Recommendation from GWTW

We recommend that you read Dr. Sproul’s article “Off with the Skirt, On with the Pants”  in order to have the context for this rebuttal.   While Dr. Sproul may have intended to call men to be serious about their commitment to God and the church and to use their gifts, his underlying beliefs about the inferiority of women are clearly revealed.  To read Dr. Sproul's article, click here

The Sword's Out

A Strong Response to "Off with the Skirt, On with the Pants" by R. C. Sproul, Jr.

by Alice Whisman

A firestorm of controversy has erupted recently in the long-standing gender positions of the conservative religious community.  Why are most church leaders so adamant in their belief that men are the only qualified and God-appointed leaders? Also, why do they respond with such vehemence to the subject of gender equality?
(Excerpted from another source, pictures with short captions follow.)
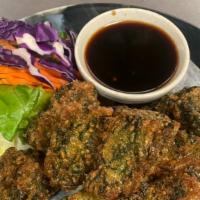 Vegetable Dumpling [Chive Cake] · Pan fried chive cake with special sweet sauce.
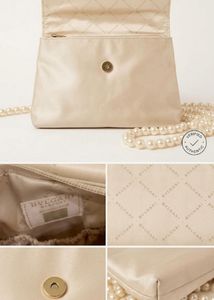 BVlgari Elegant Cream Clutch Bag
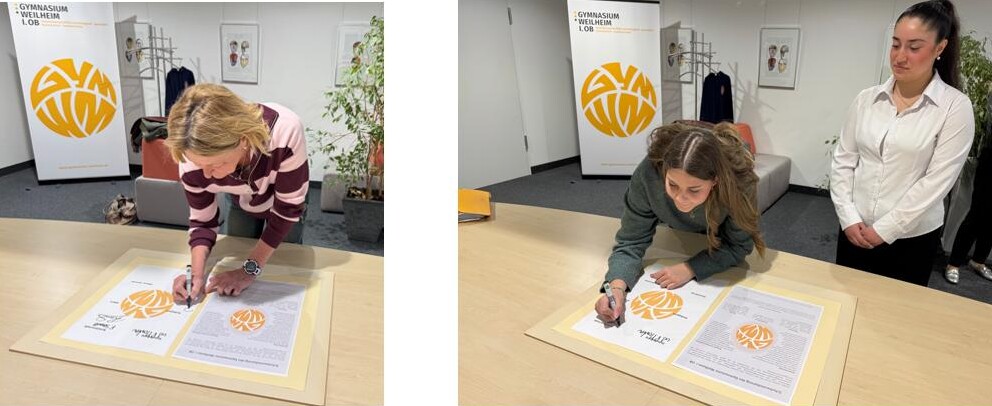 Zu sehen sind die Mitglieder Schülervertretung und des Personalrats bei der Unterzeichnung der Schulvereinbarung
As more accurate Biblical translations become available and more women question their male-dominated elders’ translation that they are only helpers of men, women have begun to function as leaders.  In “Off with the Skirt, On with the Pants” R.C. Sproul, Jr. has taken the men in the traditional church to task for not being true men of God by leading like warriors, but rather allowing women to “lead by default” (par.3).  According to Sproul, Jr., “men’s failure to lead stems from a lack of conviction that is manifest either in a fearful acquiescence to the status quo or ...indifference” (par.2).  His evidence is the fact that women are sitting in the seats authority in some “liberal” churches, or that most men are not stepping up to the plate, leaving women to surreptitiously run their own agenda (par. 3). 
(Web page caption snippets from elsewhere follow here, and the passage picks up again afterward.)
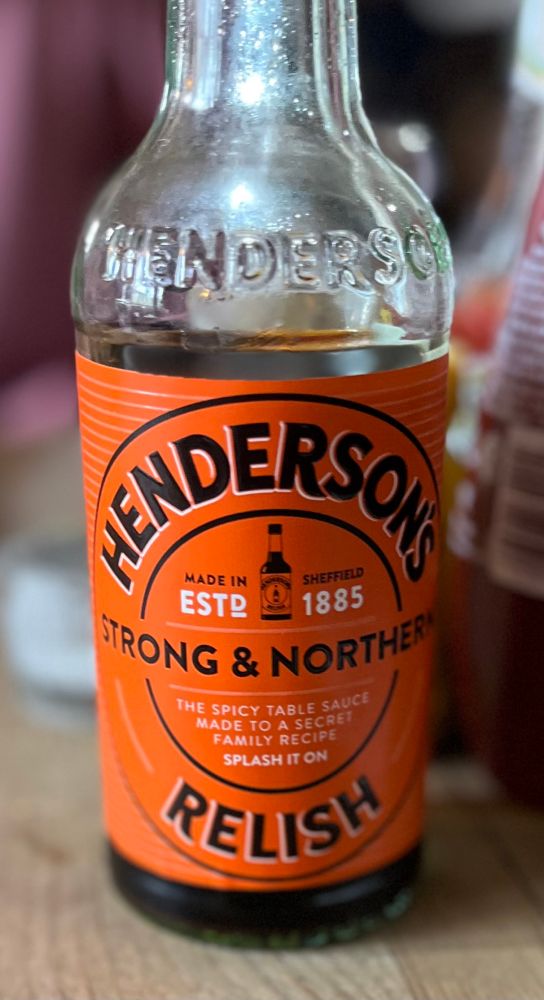 A bottle of Henderson’s Relish with an orange label 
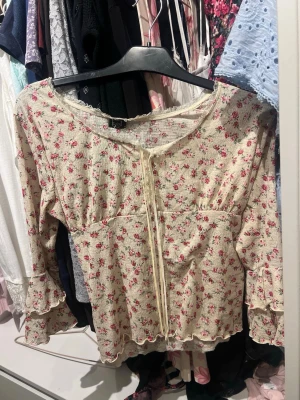 Blommig topp - Söt blus i cremevitt med små rosa blommor och volangdetaljer på ärmarna. Blusen har lång ärm, knytband framtill och lätt rynkad struktur. Materialet är stretchigt och mjukt, perfekt för en romantisk look. Står storlek M men är passar bättre för S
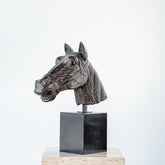 Contemporary horse head statue crafted in resin with a solid marble base, modern decor piece.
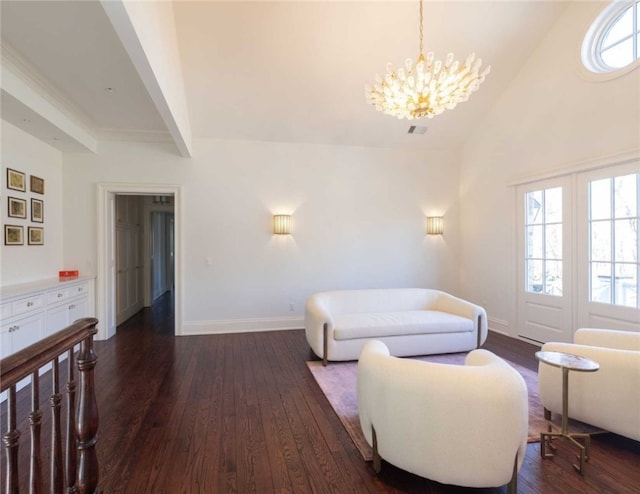 living room with dark wood-type flooring, high vaulted ceiling, and a notable chandelier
Having been spiritually abused by the doctrine of male superiority, and now the mother of four daughters, I have researched the Greek and Hebrew origins of the translated Bible.  Not only do I question the doctrine of “men only” in charge, but also refute it with the same Scripture given for its support.  It is easy to see that conservative church leaders are offended by women as leaders as evidenced by history.  It appears that religious men are threatened by anything they cannot control.  Women are created by Yahweh to be as strong as men regardless of what they are wearing.
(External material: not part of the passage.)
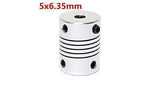 Flexible Coupling Shaft 5MMX6.35mm - a silver cylindrical metal connector with a spiral-cut flexible center and four black set screws.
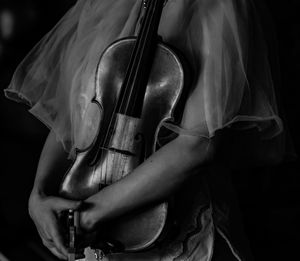 Midsection of woman holding violin against black background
Throughout the ages, Yahweh has been defined in many different ways by many different people.  His Word, the Bible, has been transmuted by a historically misogynistic patriarchy with the final result being a tutorial for white men to be masters over their household with everyone else, especially women, submitting to their rule.  Rev. Dr. Thorwald Lorenzen describes it very well: “When God created the human being, He created the human being ‘male and female’-- different but equal.  This equality was distorted when men began to staff the positions of social, economic, and political power.  Men determined reality, and philosophers and theologians--even the very great ones--found arguments to justify the superiority of the male over the female.” (Lorenzen, par. 26).

Sproul, Jr.  reaffirms the belief that men are superior to women, claiming that God calls men to be bold and strong, to lead with courage (par.5).  In researching the universally used and trusted Strong’s Exhaustive Concordance and other Bible search tools, not one verse calls men exclusively to be bold and strong and to lead with courage.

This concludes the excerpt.